Akbar Padamsee was a student at the Sir J.J. School of Art in Mumbai at a time when the Progressive Artists’ Group began to make waves on the Indian art scene. After his training in Mumbai, in 1951, on a scholarship he went to live and work in France, where the great surrealist, Andre Breton, awarded him a prize on behalf of the Journale d’art.

He returned and held his first exhibition in Mumbai in 1954. His art was a formal exploration of such themes as prophets, heads, couples, still life, mirror images and metascapes. Luminous metascapes and distinctive human figures were the two genres he has worked on since the 1970s.

As a pioneer, Padamsee had set up inter-art Vision Exchange Workshop (VIEW) in 1969-71 with the Jawaharlal Nehru Fellowship funds, where artists and filmmakers of varied fields could freely experiment.

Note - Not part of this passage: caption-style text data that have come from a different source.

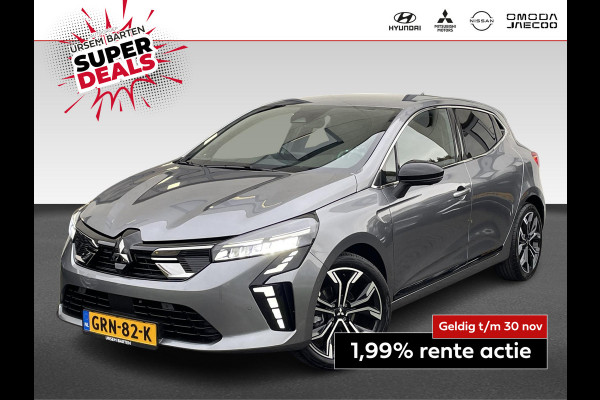 Mitsubishi Colt 1.0T MT Instyle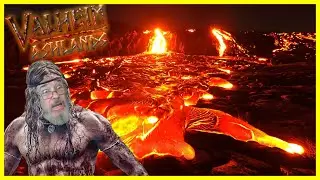 Ashlands Fracture Staff Whoa! FlippinHeim VALHEIM Ep 48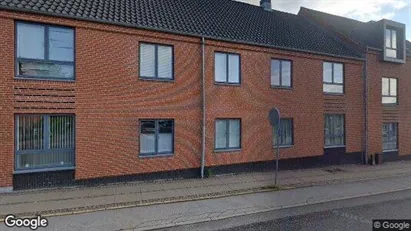 Apartments for rent in Støvring - Photo from Google Street View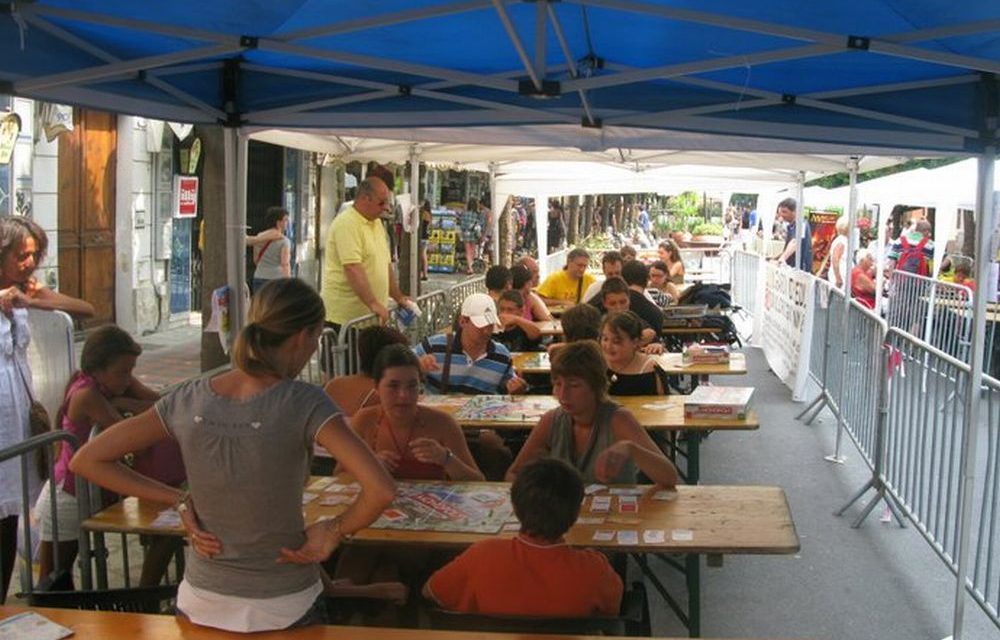 A Diano Marina tre giorni con il Festival del gioco intelligente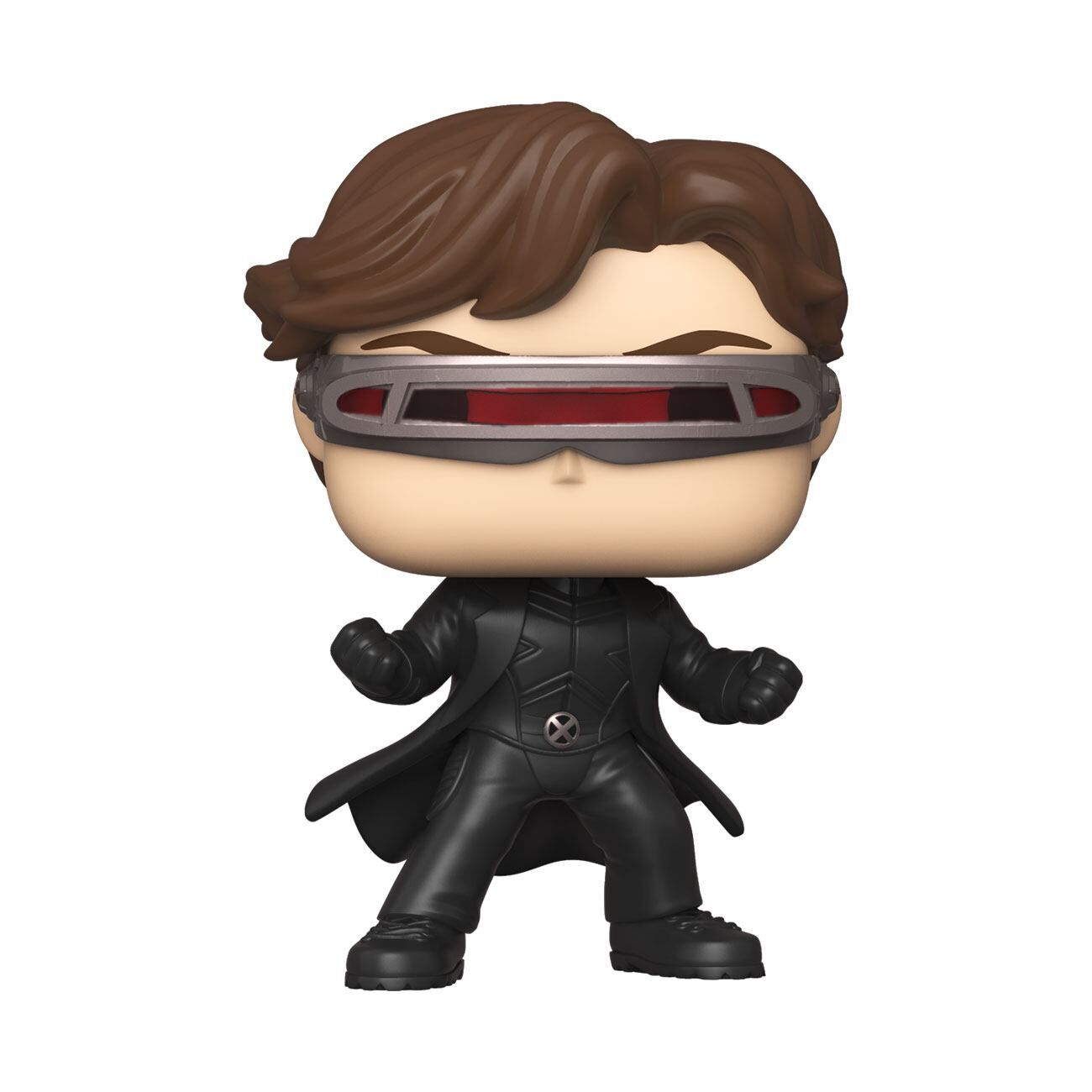 X-Men 20th Anniversary POP! Marvel Vinyl Figur Cyclops 9 cm X-Men 20th Anniversary POP! Marvel Vinyl Figur Cyclops 9 cm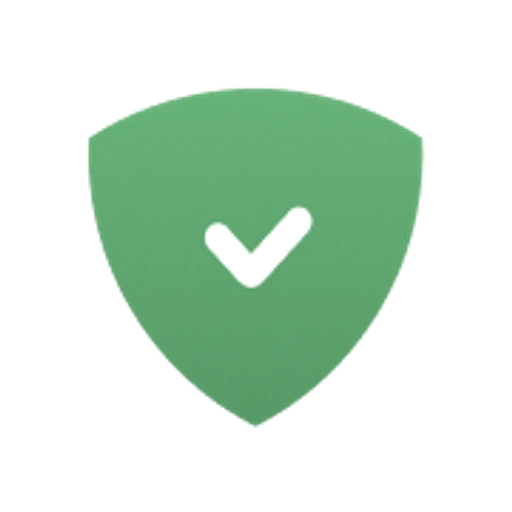 Логотип AdGuard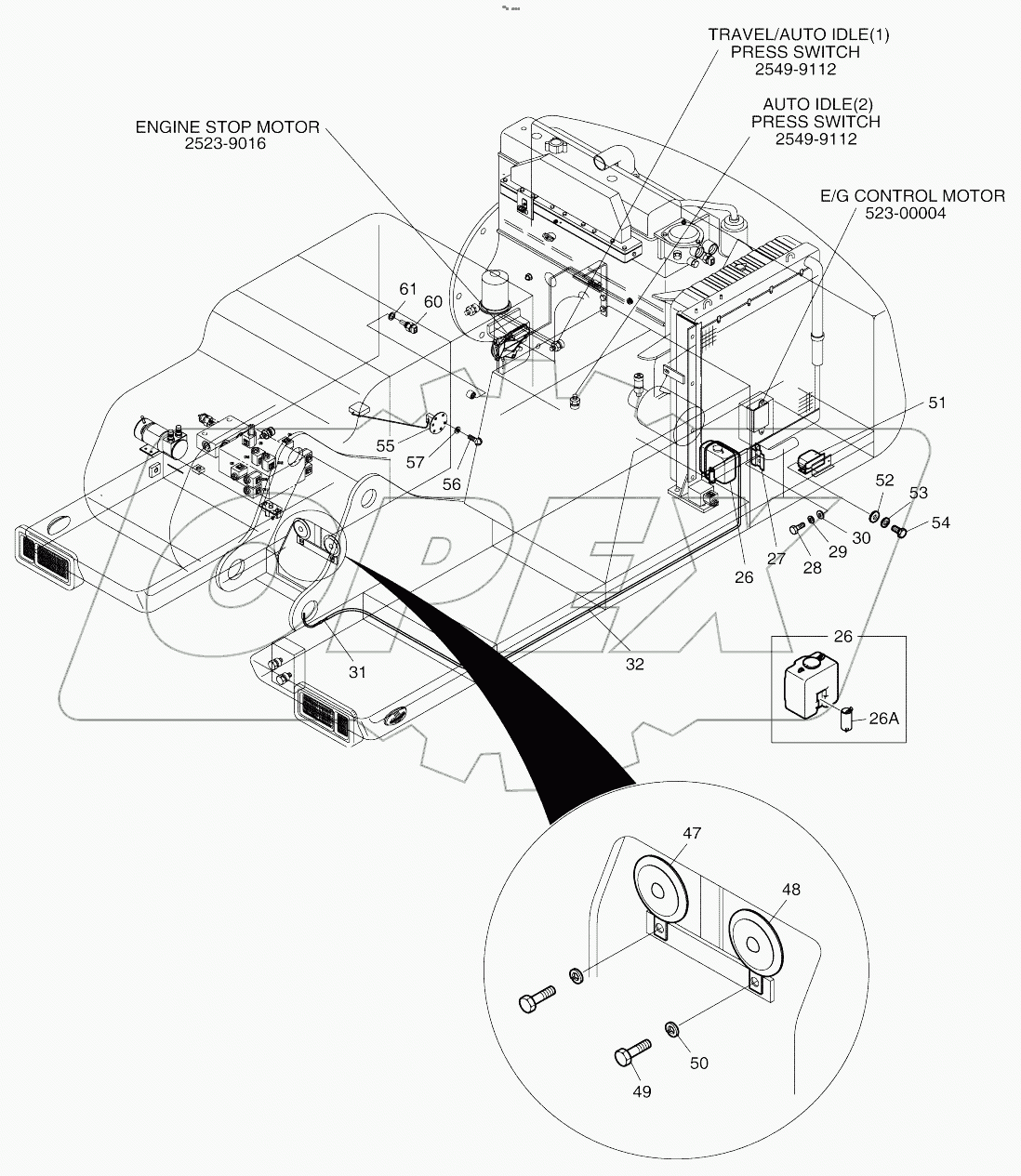  ELECTRIC PARTS (7)-RELATED PARTS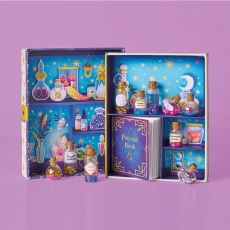 Zestaw kreatywny Magiczne mikstury Janod - Magic School 7+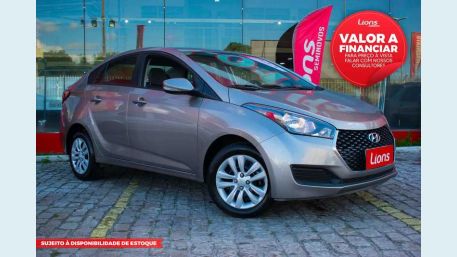 HYUNDAI HB20S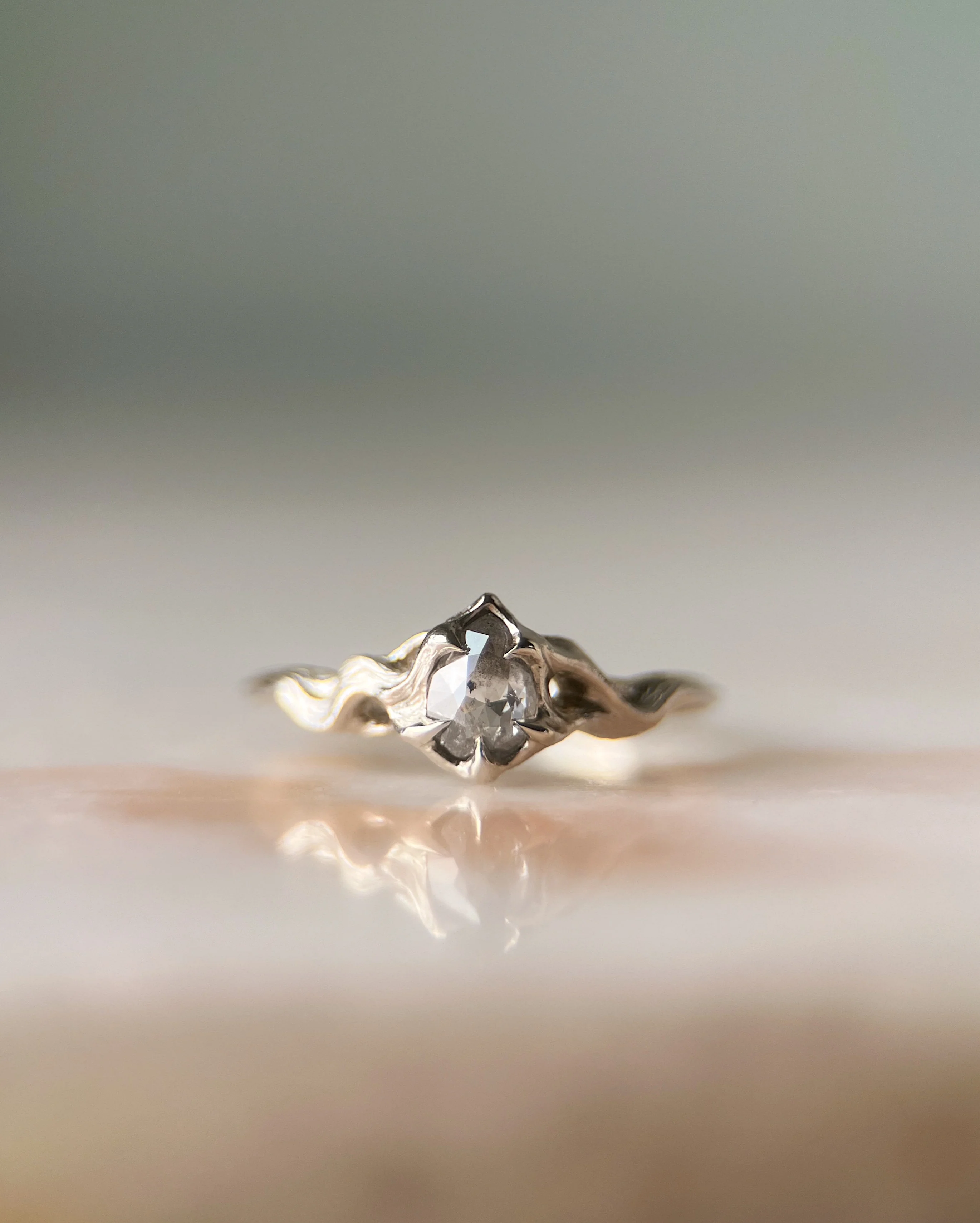 Pyre Pt II // 4x6mm // Gold - Image 6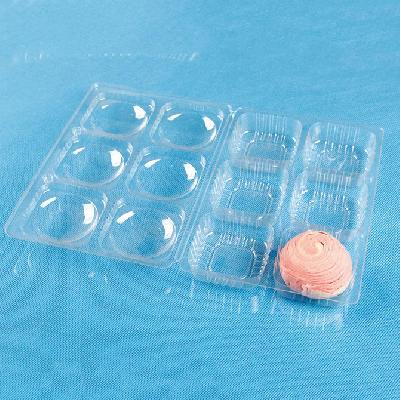 Blister Packing for Bakery Products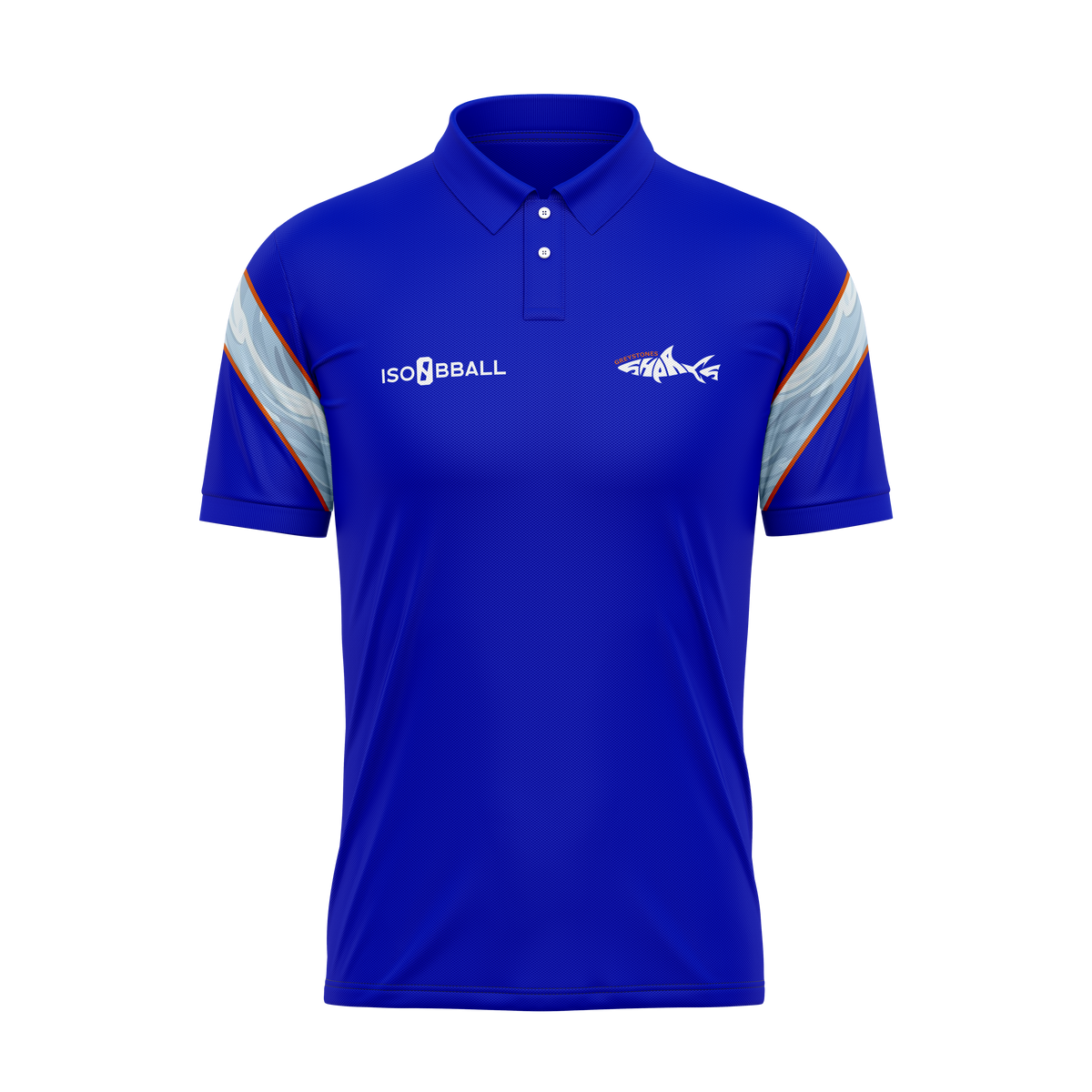 Greystones Sharks  Polo Shirt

Padamsee had himself collaborated with Mani Kaul and Kumar Shahani, then struggling filmmakers, and noted psychologist Udayan Patel to work on a film titled Syzygy. Cloud Chamber was another where he animated a set of geometric drawings.

Padamsee made his mark on the art market too and the prices of his works have continued to soar. He is among the top five highest selling modern Indian artists, including Gaitonde, Souza, Tyeb Mehta and Raza.